A Culture of Giving: The Saxton Group is Committed to its Communities

A Culture of Giving: The Saxton Group is Committed to its Communities

When an EF4 tornado ripped through the northeastern Dallas suburb of Rowlett the day after Christmas last year, the people at a McAlister's Deli a mile away knew just what to do.

"Our manager was feeding first responders free, handing out to anyone who needed it," says Adam Saxton, chief business officer at The Saxton Group. "He knew it was the right thing to do and that the company would support that decision without question. You can't do that if your people don't know your culture."

Employees of The Saxton Group, the country's largest McAlister's Deli franchisee, are card-carrying members of the company's culture--literally. Every employee receives a business-sized laminated card that outlines the franchisee organization's vision, mission, and values--with a special emphasis on contributing to the communities where they operate.

"We call them culture cards," says Saxton, who co-owns the Dallas-based company with his father Kelly Sexton, founder and CEO, and younger brother Matt, chief operating officer. Saxton, who has been with the company for 13 years, says it's really been a lot longer than that. "Since this is a family business, I feel like I have been in it all my life. I was never that kid in school who didn't know what his father did at work. We talked restaurants at home as long as I can remember."

The Saxton Group, which operates 67 McAlister's Deli restaurants with 10 more in the pipeline, was honored with the MVP Award for Community Involvement Leadership for their thoughtful approach in giving back in ways big and small, and serving as a role model not only for the brand but for franchising itself.

As chief business officer, Saxton focuses on growth, development, new business opportunities, marketing, and legal issues. In other words, he says, "all the things that happen outside of a that it takes to make a company of our size grow and thrive."

Saxton says community giving is a very important element of how he leads.
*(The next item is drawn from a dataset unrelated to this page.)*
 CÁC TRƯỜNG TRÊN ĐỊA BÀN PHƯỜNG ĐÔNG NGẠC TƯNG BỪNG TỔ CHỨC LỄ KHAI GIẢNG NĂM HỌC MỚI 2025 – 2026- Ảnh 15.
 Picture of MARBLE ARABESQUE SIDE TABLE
All the company's charitable efforts are designed to keep the money local, even when it goes to national charities. For example, company hosts fundraisers every single week in all of its locations. In 2015, these hyper-local fundraisers raised more than $90,000 for small, local organizations.

With The Saxton Group planning to top the 100-store mark in the next few years, Saxton expects to seek bigger ways to give as the company grows--while never taking his eyes off the customers they serve.
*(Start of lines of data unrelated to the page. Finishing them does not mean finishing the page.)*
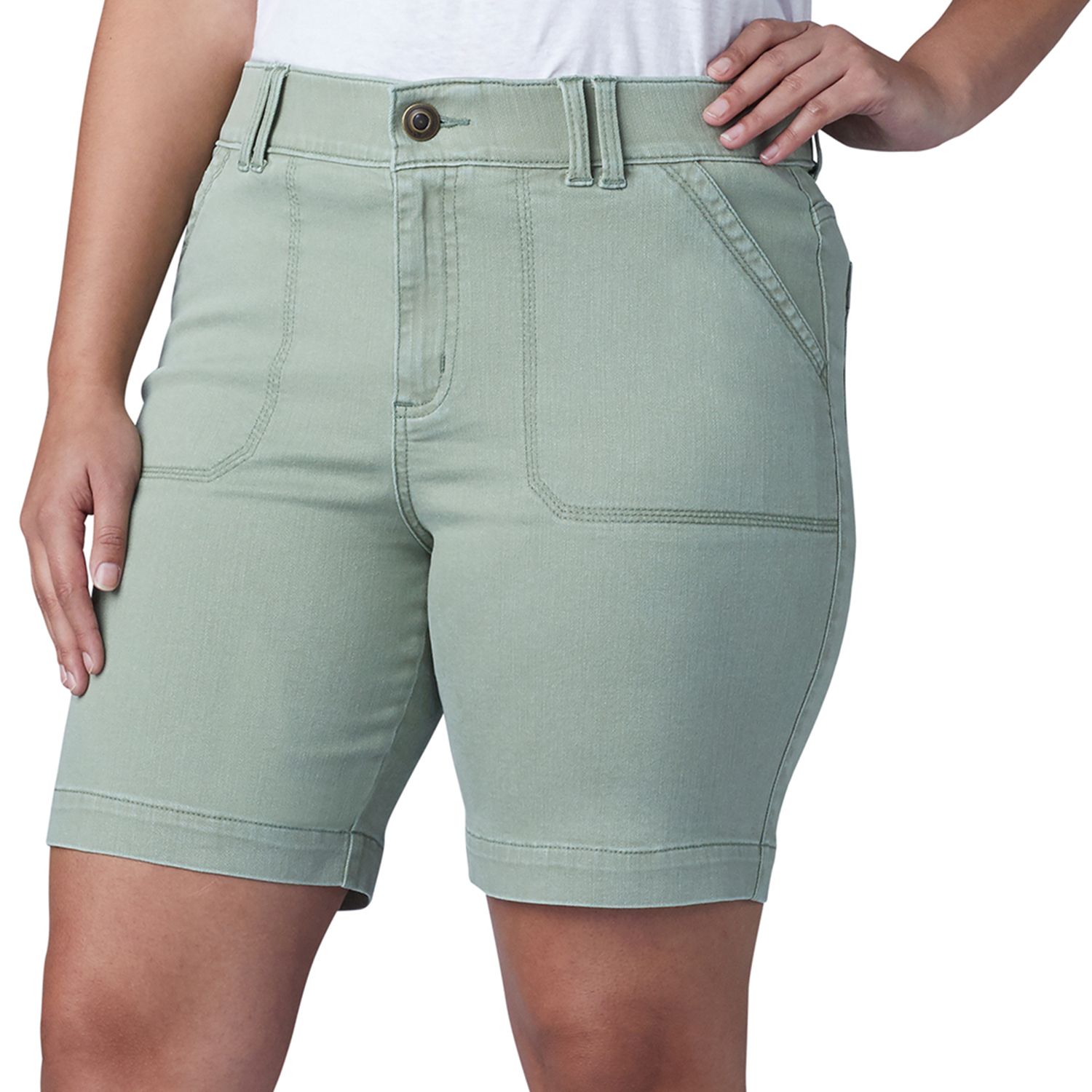 kohls womens plus size shorts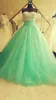 2015 New Sexy Sweetheart Ball Gown Abiti Quinceanera Bordare Lace Up Piano Lunghezza Prom Party Sweet 16 Dress WD187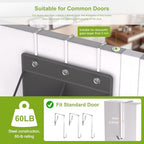 VERONLY Over the Door Shoe Organizer, Hanging Shoe Rack for Closet with 16-20 Pairs Capacity, Foldable Storage for Shoes, Boots, Sneakers, for Dorm Room, Apartment, Small Spaces（Black - style: Classic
"It's really the cornerstone of who we are. One customer at a time, one community at a time, one successful restaurant at a time. That's how we built our business," he says. "The is a relationship business, and we want to know our customers and understand the needs of the places they live."

Name: Adam Saxton
Title: Chief business officer, co-owner
No. of units: McAlister's Deli, 67
Age: 34
Family: Wife Sarah, 2-year old twin boys, Patrick and Harry
Years in franchising: 13
Years in current position: 2 (previously vice president)


Formative influences/events:
I grew up in the restaurant franchising business. I remember once, when I was 12, eating at one of our restaurants--it had a bar. At the table, my parents were discussing the fact that the salad bar really needed cleaning and that my Dad would need to talk with the manager about how to make that an area of focus. Well, my 12-year-old self thought I could take action right away. I went up to a young team member and told her in my sternest pre-teen voice that the salad bar was unacceptable. My parents were mortified. The team member was confused and embarrassed--after all, who was this kid? I think I learned pretty quickly that how you treat your people matters. I've thought of that often as we try to build a people-first culture.

Key accomplishments:
Just recently I was proud to help lead our team to open four restaurants in four weeks, back-to-back, in four different states. That was a record-opening cadence for both The Saxton Group and the McAlister's brand. Growth and opportunity are key values in our company, and it was such an accomplishment to bring those values to life in a really tangible way.

Work week:
I work all the time, but I have a lot of flexibility too. That's being a part of the modern, connected workforce! I've always been an early riser so I do some of my best work very early in the morning. I frequently, visiting new markets and finding ways to grow our brand.

What are you reading?
I read the New York Times, Wall Street Journal, and parts of The Financial Times every day, and because I'm a Millennial I read them on my phone. I started that habit about a year ago and felt that was the best combination of news to give me a wider perspective. I keep up with restaurant industry news by following trade blogs and love seeing what articles others in our industry are sharing on LinkedIn.

Best advice you ever got:
A high school teacher of mine--and I don't know why he even did this--encouraged me to look at colleges in Texas and move to Texas after I graduated from my high school in a small town in Mississippi. That's what led me to SMU. Moving myself to Texas--and eventually our business and family to the state--opened up a world of opportunity and success for The Saxton Group. I'm a firm believer in that saying, "I wasn't born in Texas, but I got here as soon as I could!" It's an amazing place to live, work, and grow a company and I'm forever grateful for the advice that brought me to Dallas.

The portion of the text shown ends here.